The Singapore Tax Authority (IRAS) will not tax airdrops or hard forks under the new crypto guidance as long as the recipient gets it for free.
20 April, 2020 | AtoZ Markets – IRAS released its new electronic tax guide to regulate the crypto industry. This new guide establishes specific regulations for three different types of cryptocurrencies:
- Payment tokens, used for goods and services.
- Utility tokens.
- Security tokens or digital values.
New Guidelines Exempting Hard Forks and Airdrops
According to the guide, cryptocurrencies from hard forks and airdrops will not be subject to any tax. This new guide, aimed at consumers and businesses as well as ICO issuers, describes how the sector should be regulated. Besides, it also defines a series of guidelines for other procedures such as hard forks and airdrops.
The tax guide also clarified the procedures for other obscure crypto events. For example, IRAS will not levy a tax on airdropped payment tokens or blockchain hard fork, which is a “windfall “. Like other payment tokens, nontraditionally delivered cryptos will nevertheless be taxable on transactions.

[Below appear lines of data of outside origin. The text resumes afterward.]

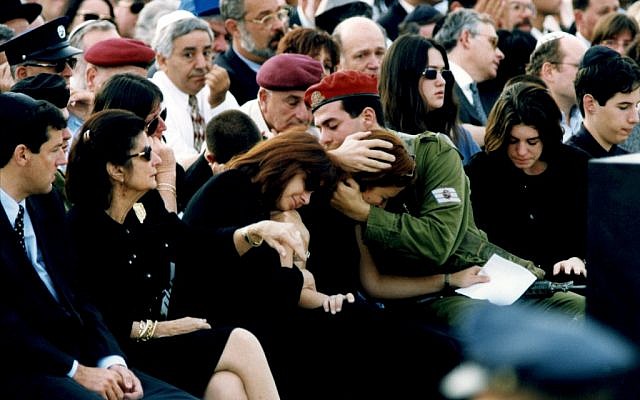 Noa and Jonathan Ben Artzi, the grandchildren of late Israeli Prime Minister Yitzhak Rabin, comfort their mother at the funeral. (Photo credit: Moshe Shai/Flash90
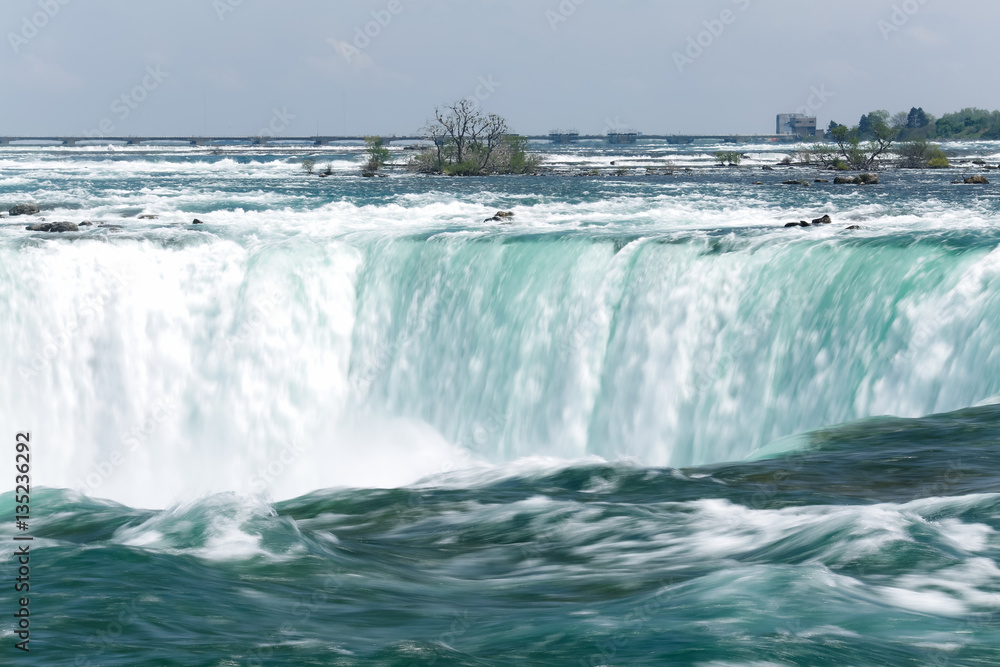 The bright blue water of Niagara Falls flows down the river and over the waterfall in spring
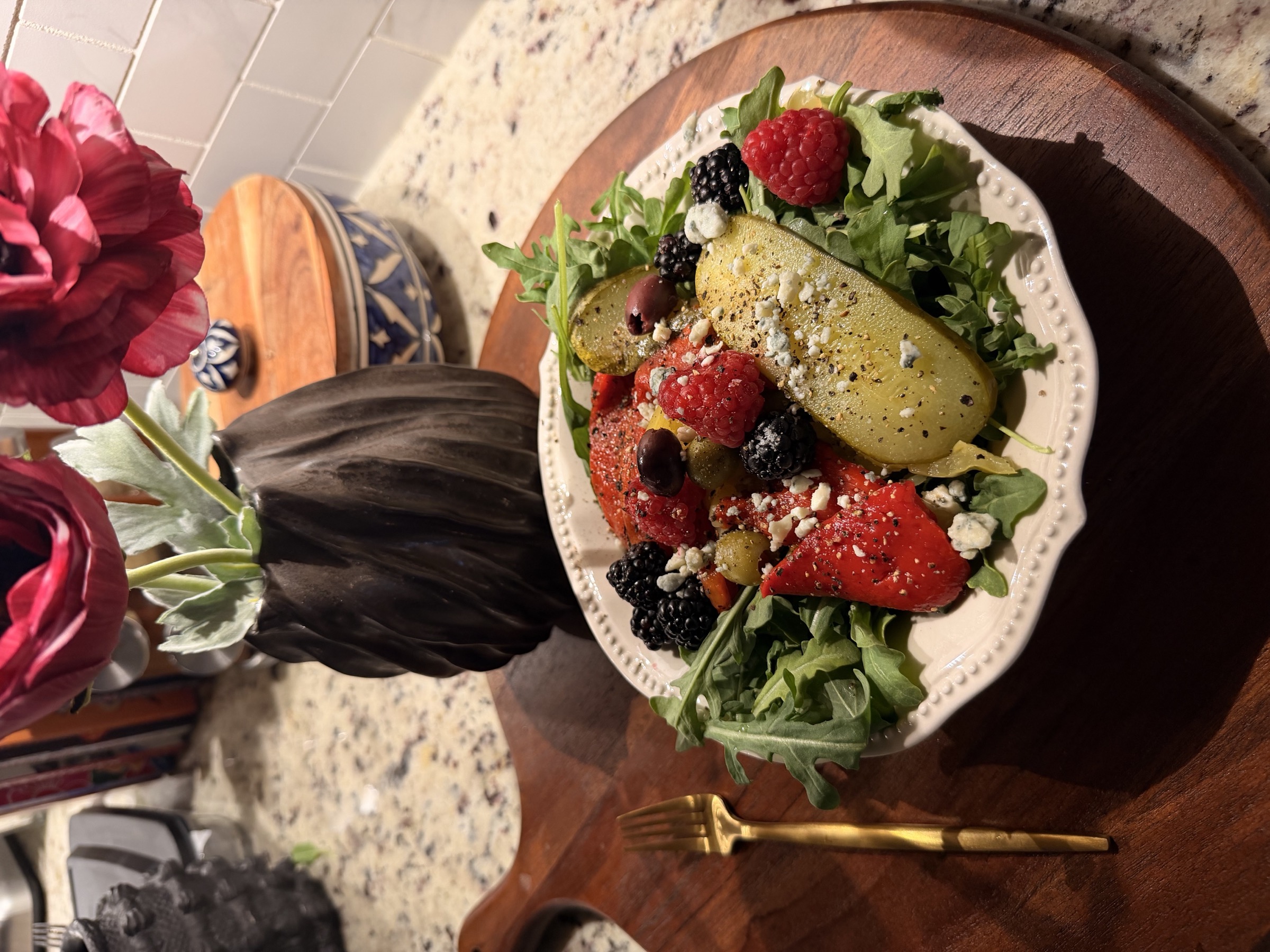 Refeeding plate: arugula and berry salad with olives and gold fork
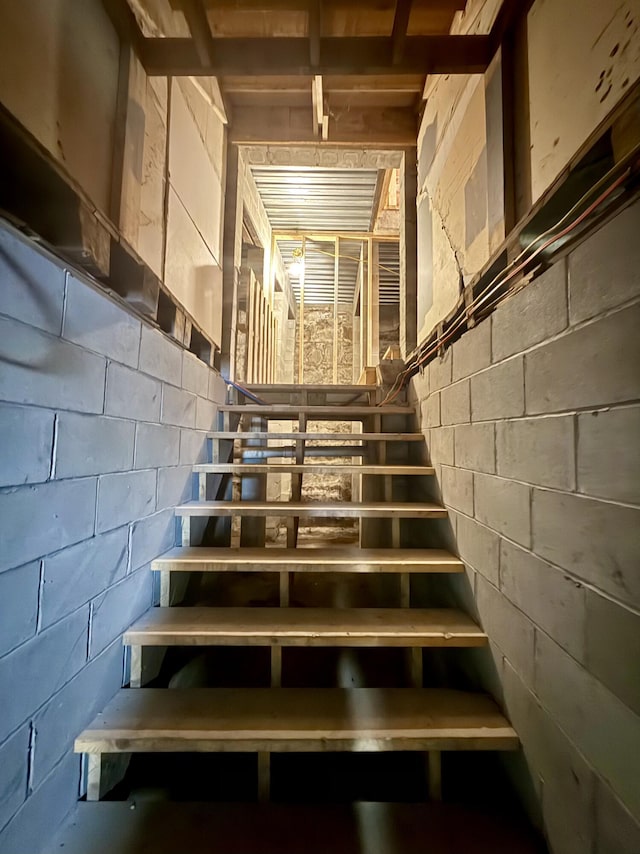 339 Main St, Calais, ME 04619 - stairway featuring concrete block wall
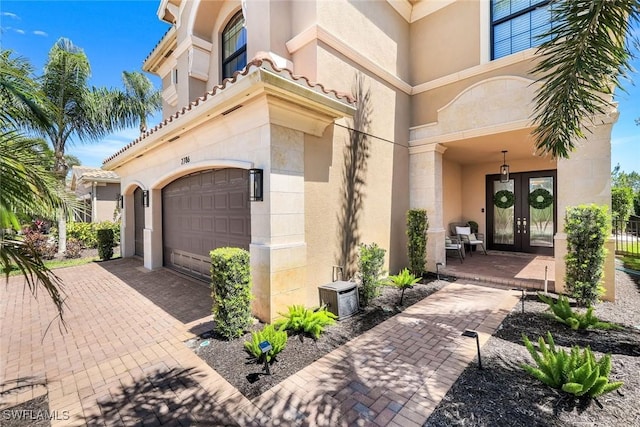 doorway to property featuring french doors, a garage, and stucco siding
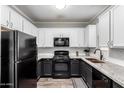 Well-equipped kitchen with granite countertops, white cabinets, and sleek black appliances at 29606 N Tatum Blvd # 245, Cave Creek, AZ 85331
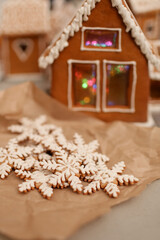 Cookies in the shape of snowflakes and a gingerbread house are on the festive table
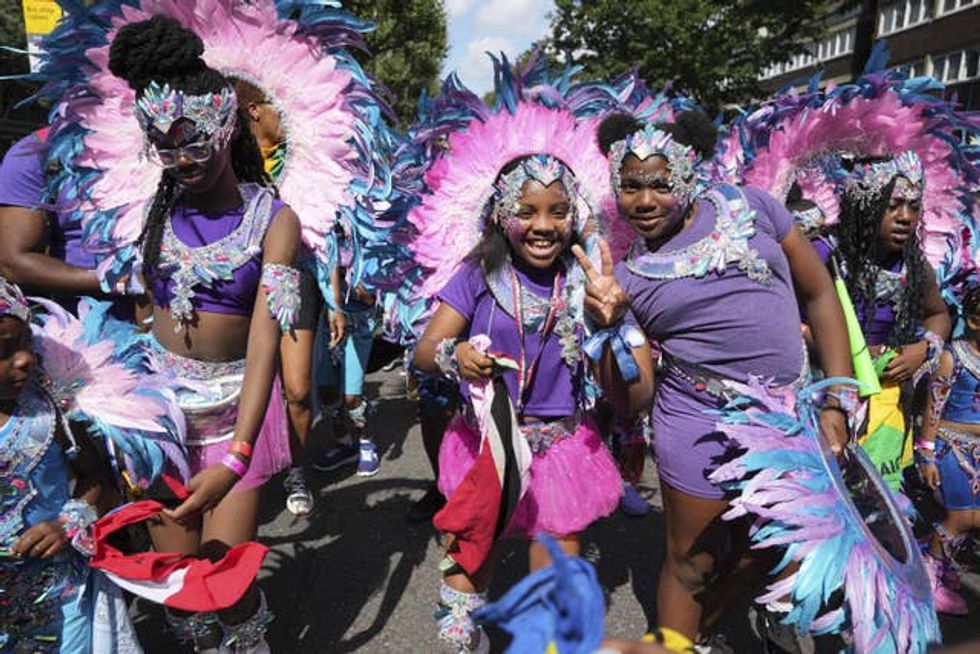 Children in purple with pink features wave at the camera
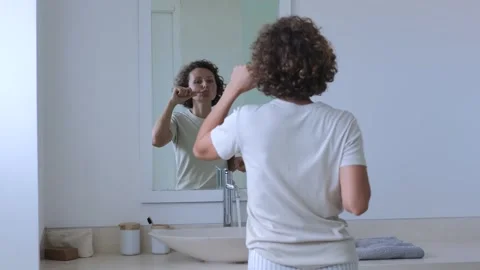 Lady brushes teeth in wireless headphones. Woman listens to music on wireless Stock Footage 257752001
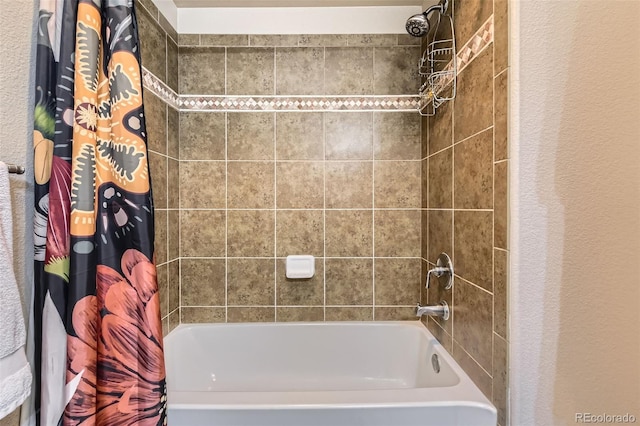 bathroom featuring shower / tub combo with curtain and a textured wall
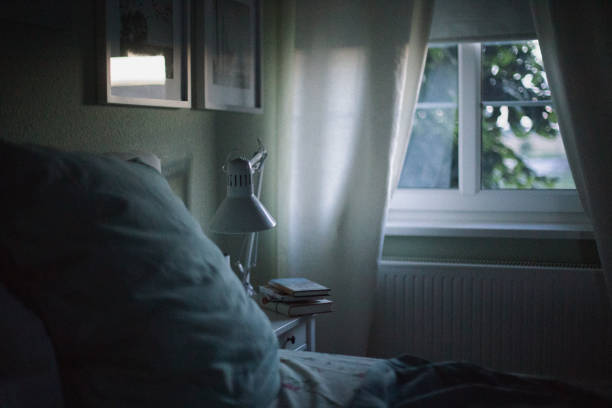 istock White warm summer night in the cozy bedroom in june 1159797621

The IRAS guide considers payment tokens such as bitcoins as “intangible goods” and not as legal tender. If a consumer pays in bitcoin, he engages in a “barter trade” for which the goods and services are taxed, and not the payment token itself. The same is true for businesses that can likely assess the tax burden on their assets based on government-issued measures of money.
However, when it comes to determining the tax burden of a good or service whose value is initially represented in cryptocurrencies. A contractor who agrees to do work for 3 BTCs cannot calculate the tax because IRAS does not have a “methodology for evaluating payment tokens”. Thus, IRAS said that taxpayers must determine a “reasonable and verifiable” rate from popular services such as Coinbase and Binance.
Utility token transactions are “unlikely” to trigger a taxable event for the user, whose acquisition of these tokens as a right to future services. It will treat as an advance payment. The utility tokens will be a deductible event according to the guide.
Singapore Levies No Capital Gain Tax on Securities
Security tokens operate according to the same loose tax laws as those which apply to other securities in Asia. Singapore does not levy capital gains tax on securities of any kind. Taxes dividends sparingly are depending on the issuer, leaving security tokens taxable only when they are classified as “income assets”.
“A review of the facts of the case may be required” for payment token ICOs, the guide said.